* **Assignment**: Check every line of the data for the string "Black" and copy the ones that have it.

* **Source material**:
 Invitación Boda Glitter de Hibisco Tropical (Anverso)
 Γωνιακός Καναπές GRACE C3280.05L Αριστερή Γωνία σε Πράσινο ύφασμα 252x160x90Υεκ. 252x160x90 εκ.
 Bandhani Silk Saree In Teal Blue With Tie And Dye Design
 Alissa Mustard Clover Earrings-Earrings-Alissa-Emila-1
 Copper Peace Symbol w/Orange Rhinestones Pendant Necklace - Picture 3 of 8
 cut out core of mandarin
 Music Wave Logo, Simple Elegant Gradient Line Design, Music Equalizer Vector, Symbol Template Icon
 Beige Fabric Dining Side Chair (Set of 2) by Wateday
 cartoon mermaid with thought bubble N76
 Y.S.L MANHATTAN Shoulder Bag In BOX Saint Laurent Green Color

--

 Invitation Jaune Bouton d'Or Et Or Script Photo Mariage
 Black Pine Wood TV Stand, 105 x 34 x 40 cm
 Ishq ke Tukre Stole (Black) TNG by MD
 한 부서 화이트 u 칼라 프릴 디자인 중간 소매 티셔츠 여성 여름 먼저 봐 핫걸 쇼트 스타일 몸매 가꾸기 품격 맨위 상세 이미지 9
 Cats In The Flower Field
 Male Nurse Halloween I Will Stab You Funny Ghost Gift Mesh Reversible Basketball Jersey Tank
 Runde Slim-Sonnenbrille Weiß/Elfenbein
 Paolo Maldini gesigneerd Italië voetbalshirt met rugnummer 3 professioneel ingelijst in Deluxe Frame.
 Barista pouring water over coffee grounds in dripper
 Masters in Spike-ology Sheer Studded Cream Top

---

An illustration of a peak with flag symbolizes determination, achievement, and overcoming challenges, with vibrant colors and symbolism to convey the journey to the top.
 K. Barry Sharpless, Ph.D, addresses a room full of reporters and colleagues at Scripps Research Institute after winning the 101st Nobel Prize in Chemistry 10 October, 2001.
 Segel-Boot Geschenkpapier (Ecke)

* **Result for this exercise**:
 Black Pine Wood TV Stand, 105 x 34 x 40 cm
 Ishq ke Tukre Stole (Black) TNG by MD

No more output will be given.